▽

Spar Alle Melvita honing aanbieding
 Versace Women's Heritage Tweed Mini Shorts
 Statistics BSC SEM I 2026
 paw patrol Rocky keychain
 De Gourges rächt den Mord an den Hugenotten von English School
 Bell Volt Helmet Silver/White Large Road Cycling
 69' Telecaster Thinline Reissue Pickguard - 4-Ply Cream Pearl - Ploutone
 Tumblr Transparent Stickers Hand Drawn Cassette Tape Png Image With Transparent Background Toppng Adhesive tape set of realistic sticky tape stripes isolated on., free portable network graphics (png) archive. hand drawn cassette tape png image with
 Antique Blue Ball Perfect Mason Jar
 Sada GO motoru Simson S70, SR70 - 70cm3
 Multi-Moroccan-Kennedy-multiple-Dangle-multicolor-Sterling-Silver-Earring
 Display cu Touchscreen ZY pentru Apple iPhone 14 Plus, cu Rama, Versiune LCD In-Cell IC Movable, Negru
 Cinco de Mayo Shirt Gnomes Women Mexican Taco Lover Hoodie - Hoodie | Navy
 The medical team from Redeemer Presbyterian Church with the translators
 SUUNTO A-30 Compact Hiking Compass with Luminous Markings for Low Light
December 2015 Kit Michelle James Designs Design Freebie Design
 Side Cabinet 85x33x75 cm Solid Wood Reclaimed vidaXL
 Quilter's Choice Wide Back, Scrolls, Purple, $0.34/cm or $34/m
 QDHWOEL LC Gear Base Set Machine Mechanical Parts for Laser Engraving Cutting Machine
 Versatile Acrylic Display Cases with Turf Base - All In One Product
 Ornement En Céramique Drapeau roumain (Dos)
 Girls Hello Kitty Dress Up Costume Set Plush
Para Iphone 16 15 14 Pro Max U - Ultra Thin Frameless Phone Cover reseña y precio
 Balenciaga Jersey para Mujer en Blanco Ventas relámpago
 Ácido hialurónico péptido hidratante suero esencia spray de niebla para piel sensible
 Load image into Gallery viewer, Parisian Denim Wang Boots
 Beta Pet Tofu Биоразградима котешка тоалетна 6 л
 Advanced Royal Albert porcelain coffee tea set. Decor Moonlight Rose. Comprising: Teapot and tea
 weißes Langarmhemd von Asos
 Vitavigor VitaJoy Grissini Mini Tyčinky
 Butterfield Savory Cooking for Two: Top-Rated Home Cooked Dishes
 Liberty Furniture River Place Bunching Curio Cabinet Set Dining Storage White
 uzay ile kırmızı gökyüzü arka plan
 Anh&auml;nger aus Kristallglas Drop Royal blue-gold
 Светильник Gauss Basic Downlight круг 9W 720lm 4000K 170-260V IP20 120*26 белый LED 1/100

△

**EXERCISE BRIEF**
All lines in the listing above between the line with "69' Telecaster Thinline" and the line with "Quilter's Choice Wide", inclusive, should be set down exactly, and no line outside that range.

**THE COMPLETED TASK**
 69' Telecaster Thinline Reissue Pickguard - 4-Ply Cream Pearl - Ploutone
 Tumblr Transparent Stickers Hand Drawn Cassette Tape Png Image With Transparent Background Toppng Adhesive tape set of realistic sticky tape stripes isolated on., free portable network graphics (png) archive. hand drawn cassette tape png image with
 Antique Blue Ball Perfect Mason Jar
 Sada GO motoru Simson S70, SR70 - 70cm3
 Multi-Moroccan-Kennedy-multiple-Dangle-multicolor-Sterling-Silver-Earring
 Display cu Touchscreen ZY pentru Apple iPhone 14 Plus, cu Rama, Versiune LCD In-Cell IC Movable, Negru
 Cinco de Mayo Shirt Gnomes Women Mexican Taco Lover Hoodie - Hoodie | Navy
 The medical team from Redeemer Presbyterian Church with the translators
 SUUNTO A-30 Compact Hiking Compass with Luminous Markings for Low Light
December 2015 Kit Michelle James Designs Design Freebie Design
 Side Cabinet 85x33x75 cm Solid Wood Reclaimed vidaXL
 Quilter's Choice Wide Back, Scrolls, Purple, $0.34/cm or $34/m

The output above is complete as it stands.